Après plusieurs années marquées par la sécheresse et la raréfaction des ressources hydriques, la province d’Al Hoceima retrouve un motif d’espoir. Les importantes chutes de neige et les précipitations enregistrées depuis la mi-décembre ont contribué à une recharge notable de la nappe phréatique et au renforcement des eaux de surface, apportant un soulagement attendu par les populations locales.
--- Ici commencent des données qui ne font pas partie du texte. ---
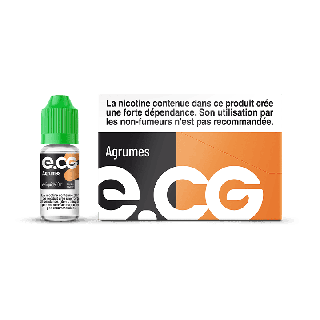 Agrumes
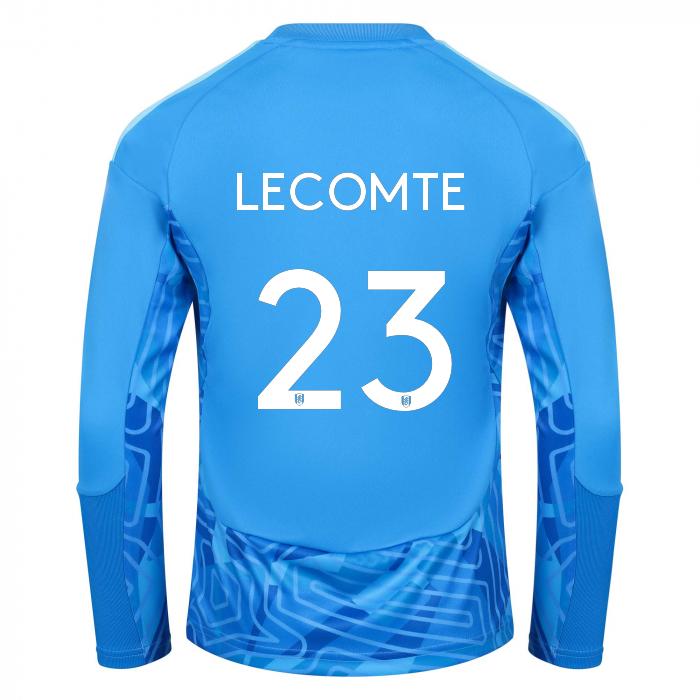 Fulham 26/27 Adult Home GK Shirt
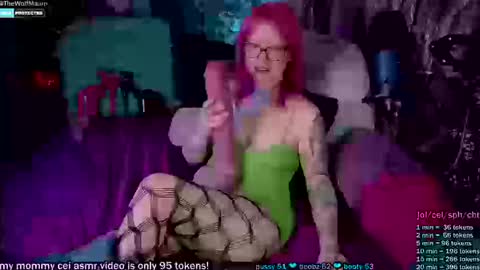 Ana Adrenal  online show from 09/10/25, 08:53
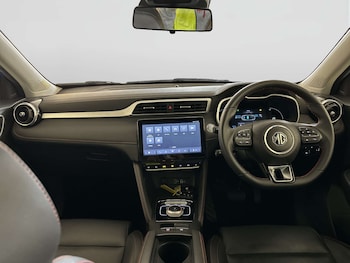 Used MG MG ZS 2022 for sale - 78272643: Photo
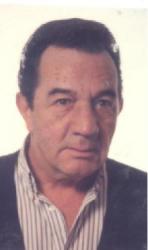 Pedro Antonio Carrera Rodrguez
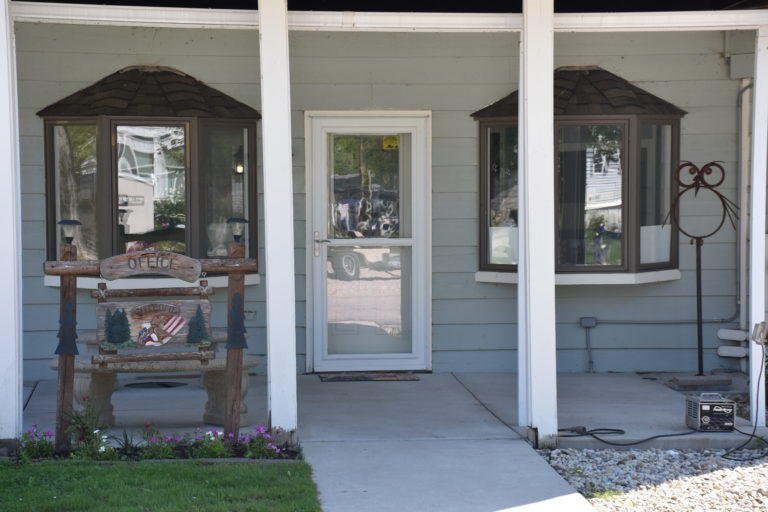 Gallery « Chain RV Park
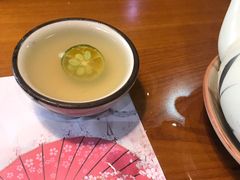 -大江户日本料理(吕厝店)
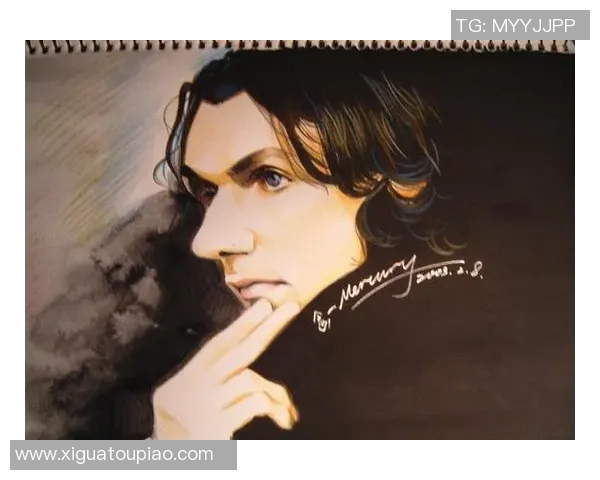 速写足球球星：从场上风采到个性魅力的全面展现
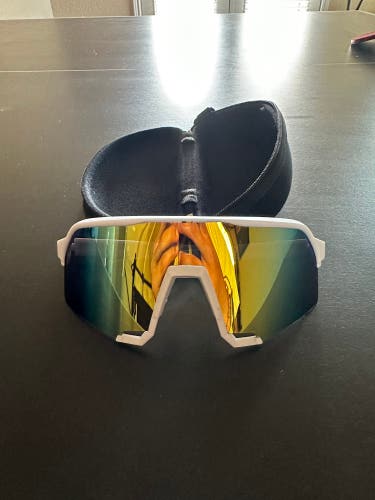 Polarized Sunglasses New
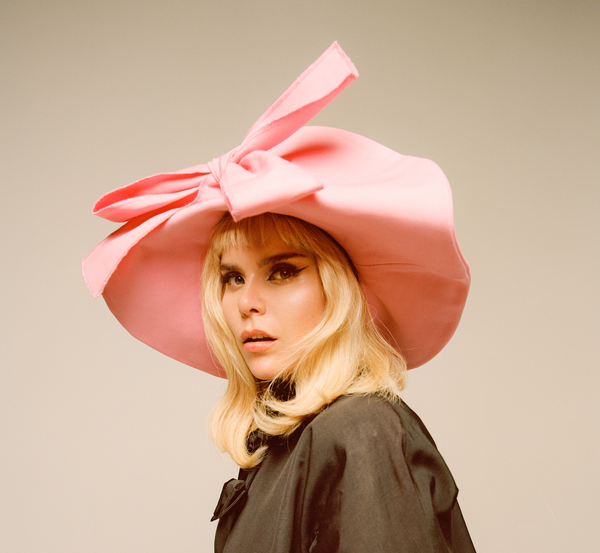 New album for Paloma Faith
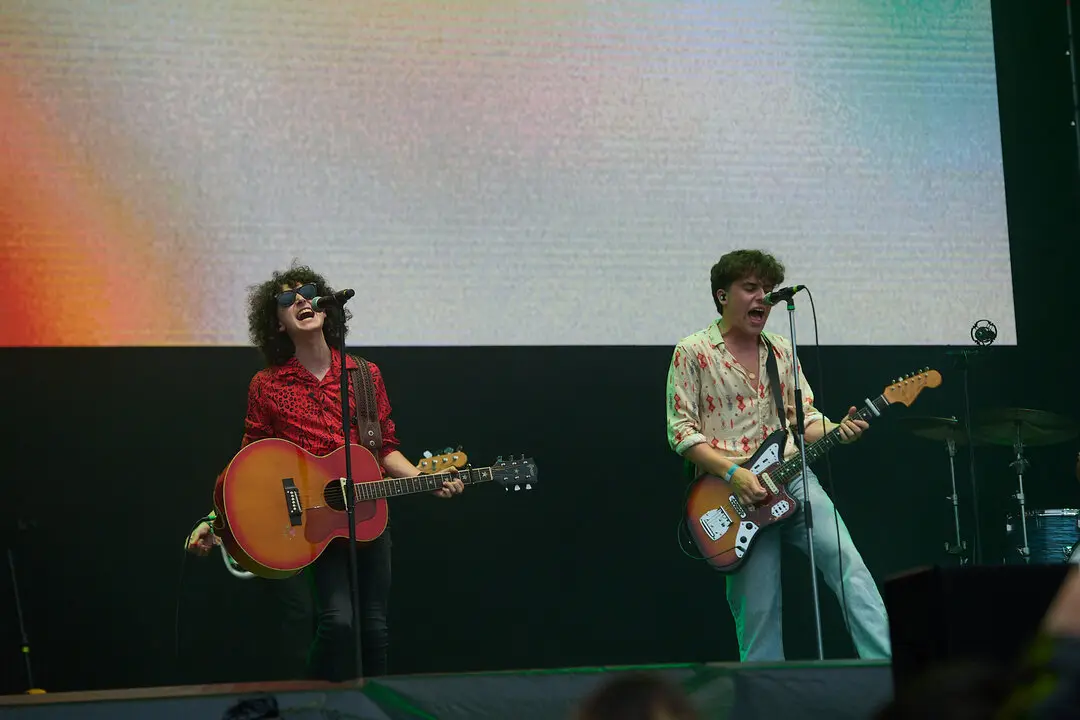 MATEO ERAÑA - MÚSICA EN GRANDE - EL REY LAGARTÓN (19)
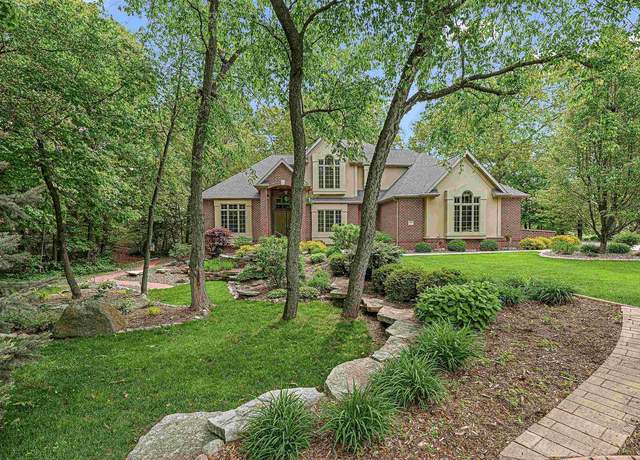 Property at 705 Red Fox, Fond Du Lac, WI 54937, 4 beds, 4 baths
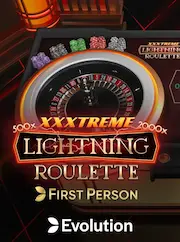 XXXtreme Lightning Roulette at L336 COM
Dans les zones montagneuses, longtemps éprouvées par le stress hydrique, les habitants observent le retour progressif de l’eau dans les ravins, les oueds et certaines sources autrefois taries. Une évolution qui nourrit l’espoir de tourner la page de plusieurs campagnes agricoles difficiles, où les ressources disponibles permettaient à peine de couvrir les besoins essentiels en eau potable, l’abreuvement d’un cheptel réduit et l’irrigation de cultures résilientes.
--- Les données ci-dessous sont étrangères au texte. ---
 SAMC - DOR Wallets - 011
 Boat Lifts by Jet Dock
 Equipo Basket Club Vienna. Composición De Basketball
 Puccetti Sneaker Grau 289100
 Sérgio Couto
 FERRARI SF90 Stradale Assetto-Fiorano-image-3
Agriculteur au douar Amaakhtane, dans la commune de Bni Bounsar, Ahmed Tahiri témoigne des années particulièrement éprouvantes traversées par le monde rural. Selon lui, l’agriculture et l’élevage caprin, piliers de l’économie locale, ont été durement touchés. Il souligne que sans les dispositifs de soutien mis en place par l’État, notamment la distribution de céréales et d’aliments pour le bétail, la situation aurait été bien plus critique. Les précipitations actuelles, estime-t-il, laissent entrevoir une saison plus favorable et éloignent, au moins provisoirement, le spectre de la sécheresse.

Cet optimisme est partagé dans plusieurs communes montagneuses de la province. La neige, en recouvrant les sommets, et sa fonte progressive jouent un rôle essentiel dans l’alimentation des sols et des nappes souterraines. Pour de nombreux agriculteurs, cette dynamique naturelle ravive le souvenir d’hivers plus généreux, lorsque les montagnes du Rif restaient enneigées jusqu’au printemps et irriguaient durablement les terres agricoles des versants.
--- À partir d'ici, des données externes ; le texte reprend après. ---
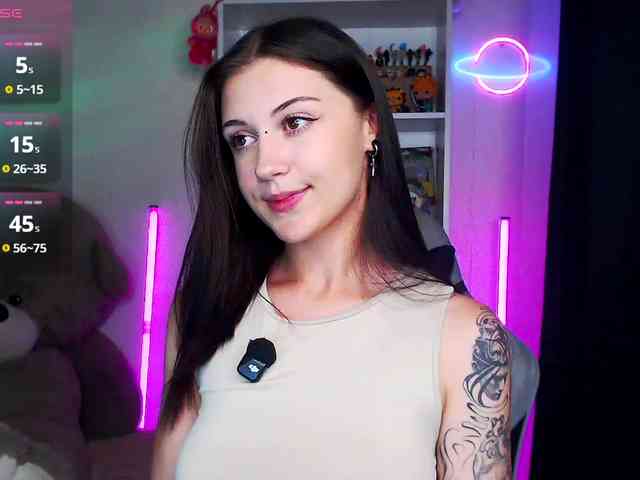 BlackAngell webcam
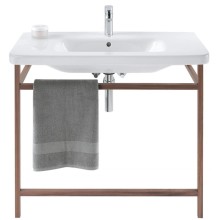 Раковина 100х48 см Duravit DuraStyle 2320100000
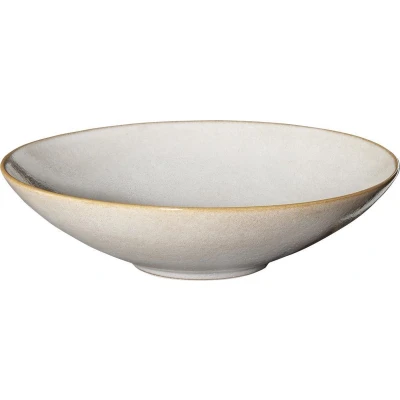 Afbeelding van ASA Selection Diep Bord Saisons Sand ø 23 cm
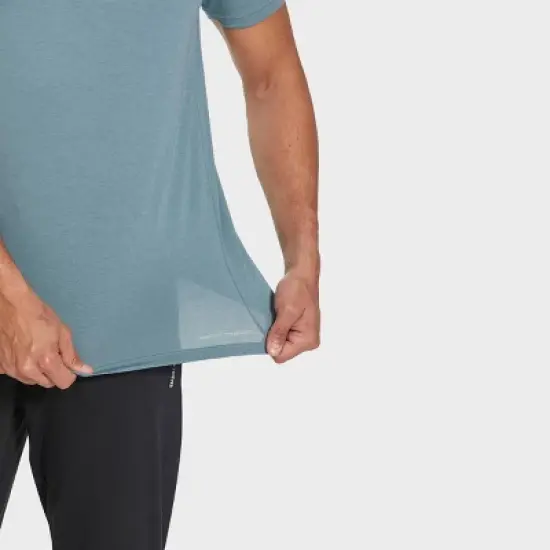 Pair of Thieves Men's Super Soft 2pk Classic Crewneck T-Shirt image {3}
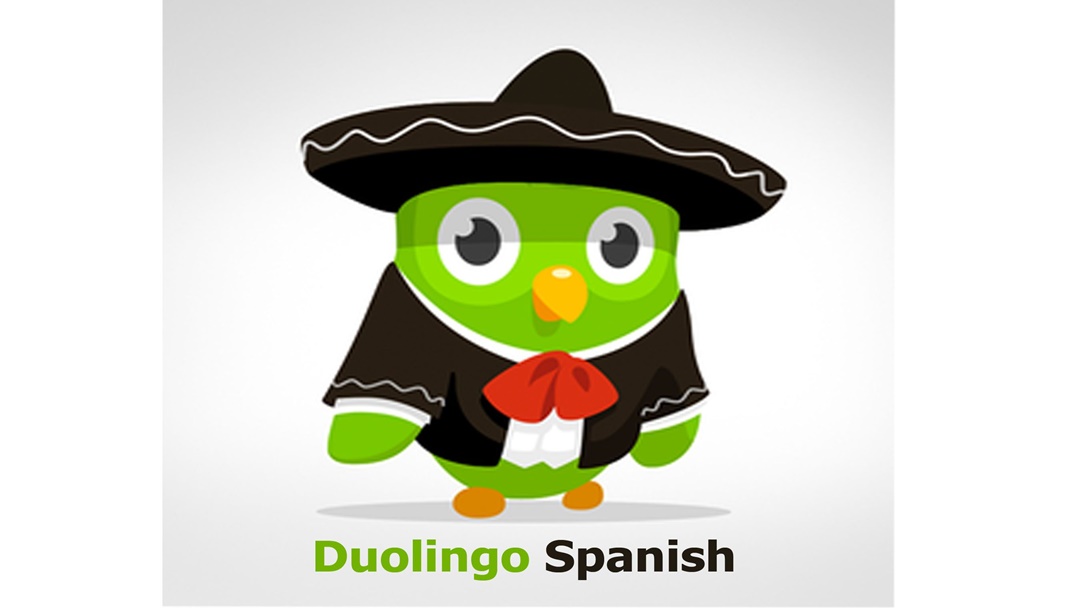 Duolingo İspanyolca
Sur le plan technique, le délégué de l’Agence du bassin hydraulique du Loukkos à Al Hoceima, Said Laouzi, indique que la province a enregistré, entre la mi-décembre et le mois de janvier en cours, des cumuls pluviométriques oscillant entre 140 et 250 mm. Ces apports ont eu un impact jugé très positif sur l’ensemble des ressources hydriques, en particulier sur les eaux souterraines, au-delà de leur effet immédiat sur les débits des oueds.

Autre indicateur encourageant, le taux de remplissage du barrage Abdelkrim El Khattabi est passé de 10 % le mois dernier à 20 % en janvier. Une amélioration qui devrait contribuer à réduire la pression sur la nappe phréatique et soutenir l’agriculture, l’élevage ainsi que le couvert forestier de la région.

Dans les témoignages recueillis auprès des habitants, la reprise de l’écoulement des eaux est perçue comme un véritable renouveau pour des territoires longtemps affectés par la sécheresse. Beaucoup y voient une récompense pour leur attachement à la terre, malgré des années de pénurie ayant mis à rude épreuve leurs ressources et leur résilience.

À l’échelle nationale, la Direction générale de la météorologie a par ailleurs indiqué que la superficie couverte par la neige a dépassé 50.000 km², répartie entre les chaînes de l’Atlas et du Rif. Ces zones, considérées comme de véritables réservoirs hydriques naturels, jouent un rôle déterminant dans l’alimentation des nappes superficielles et profondes, tout en favorisant la régénération des parcours pastoraux et du couvert végétal.